But for those passing through Tokyo train station, for a moment some of that energy is captured as they walk through a turnstile, or cross over a set of stairs. Suddenly they are no longer simply powering themselves, they are also helping to power the station.
This energy transfer is made possible by a set of specially designed floor mats that have been on trial in two Tokyo train stations since December. Utilizing "piezoelectric technology," these mats capture the energy created by the force of each person walking over them, and convert that energy into electricity that is used to power the stations' display boards and automatic ticket gates (piezo comes from the Greek word for pressure or to press).
But though piezoelectric technology is gaining momentum as the search for greener energy sources intensifies, it's not likely to replace more traditional power sources anytime soon, said Tom Rand, a project leader at MaRS with a background in electrical engineering.
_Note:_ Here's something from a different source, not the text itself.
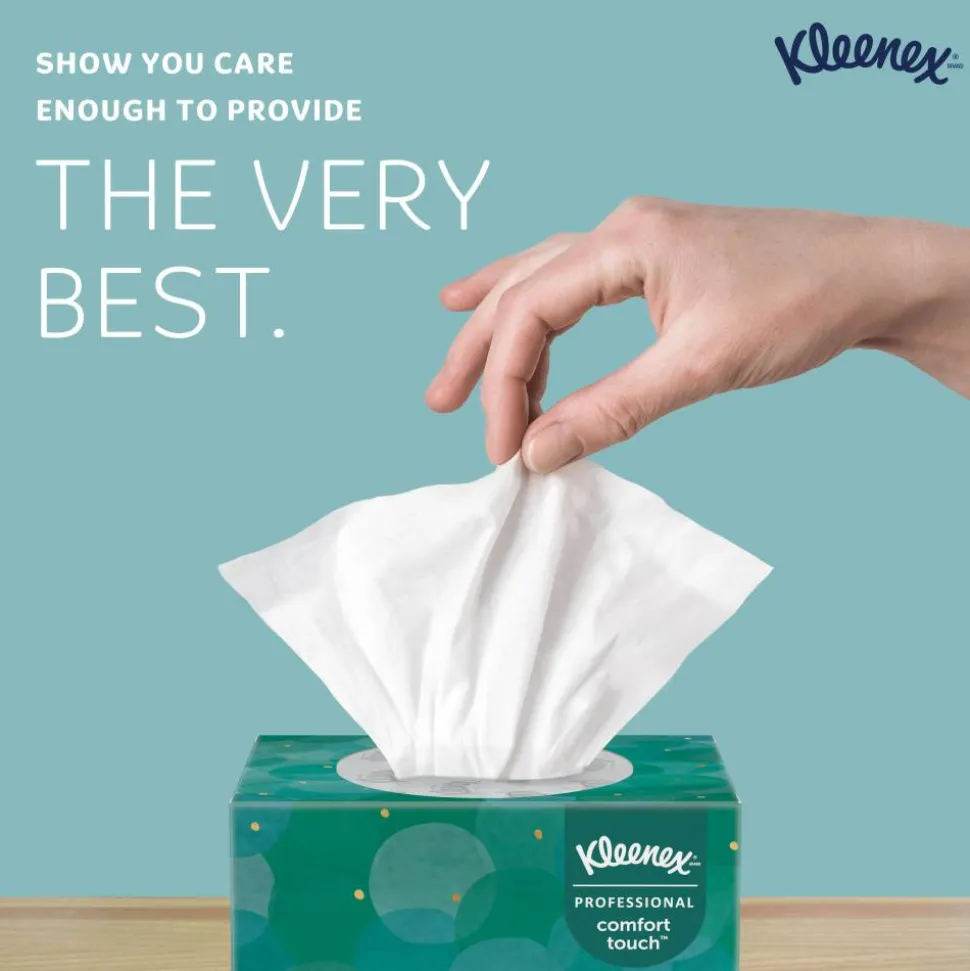 Kleenex Professional Facial Tissue, Upright Facial Tissue Cube Boxes for Business, 90 Sheets, 6 Boxes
"Everyone knows piezoelectricity works," he said. "The question is whether it's cost-effective."
Not only are the materials required prohibitively expensive, but they also don't create much energy. Even after repeated attempts at improving their techniques, officials at the Tokyo station were only expecting their 400,000-plus daily commuters to produce 1,400 kilowatt seconds each day or roughly enough to power a 40-watt light bulb for 17 continuous hours.
Perhaps for those reasons, TTC officials said they have no plans to even consider using piezoelectric energy sources in their stations.
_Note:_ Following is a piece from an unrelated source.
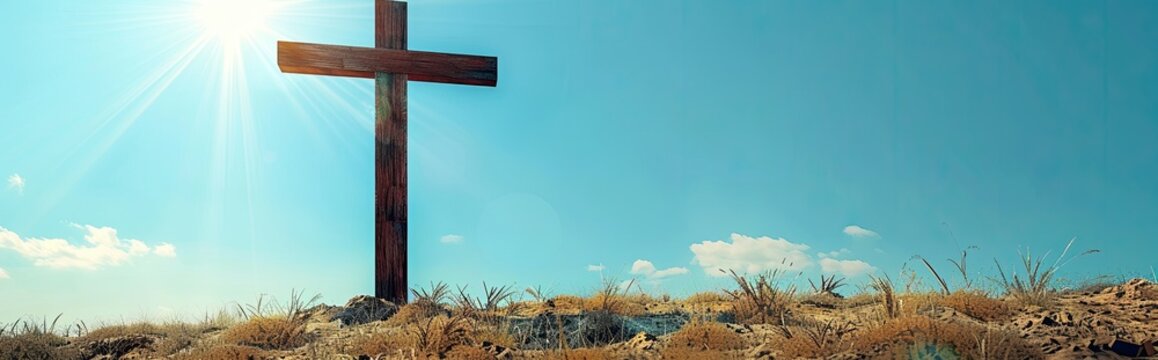 "Easter Day: Wooden Cross under Heavenly Sky"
All the same, Rand said, in the next 10 years he expects to see this type of technology springing up all over cities like Toronto.
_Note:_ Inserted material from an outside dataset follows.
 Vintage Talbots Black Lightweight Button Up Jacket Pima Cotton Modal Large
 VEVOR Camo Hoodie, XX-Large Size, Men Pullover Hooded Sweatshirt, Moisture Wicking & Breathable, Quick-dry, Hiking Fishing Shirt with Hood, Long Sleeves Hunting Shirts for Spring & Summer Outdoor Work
"I think it will happen simply because the optics are great," he noted. "It looks good to power a checkout at a supermarket with the cars that are rolling into the parking lot. But whether or not it's a serious player in energy production, I have my doubts... I don't think it's a game-changer."
Piezoelectric panels hidden under the dance floors of two European clubs allow patrons to power the party just by grooving to the music.
Panels under the floors at Club Surya in London produce up to 60 per cent of the club's total electricity.
Those who trip the light fantastic at Club WATT in Rotterdam power the in-house lighting system, allowing dancers to see just how much electricity they're creating.
Cut to a specific size, quartz stones vibrate at a specific frequency, causing them to expand and contract, providing a regular piezoelectric charge. Some everyday examples in use today include:
In electric watches, electrodes attached to the stone use this charge to send 32,768 pulses per second through a series of dividers, with each transmitting half as many pulses as the one before it. As such, the fifteenth divider produces only a single pulse, which tells the watch that a second has passed.
Lighters use piezoelectricity to create the spark that ignites the fuel contained inside. When pressure is applied, a tiny hammer contained within an electric barbecue or cigarette lighter strikes a piezoelectric crystal and creates thousands of volts of electricity. The crystal's voltage generates a spark which ignites a small amount of the lighter's fuel supply and thus creates a flame.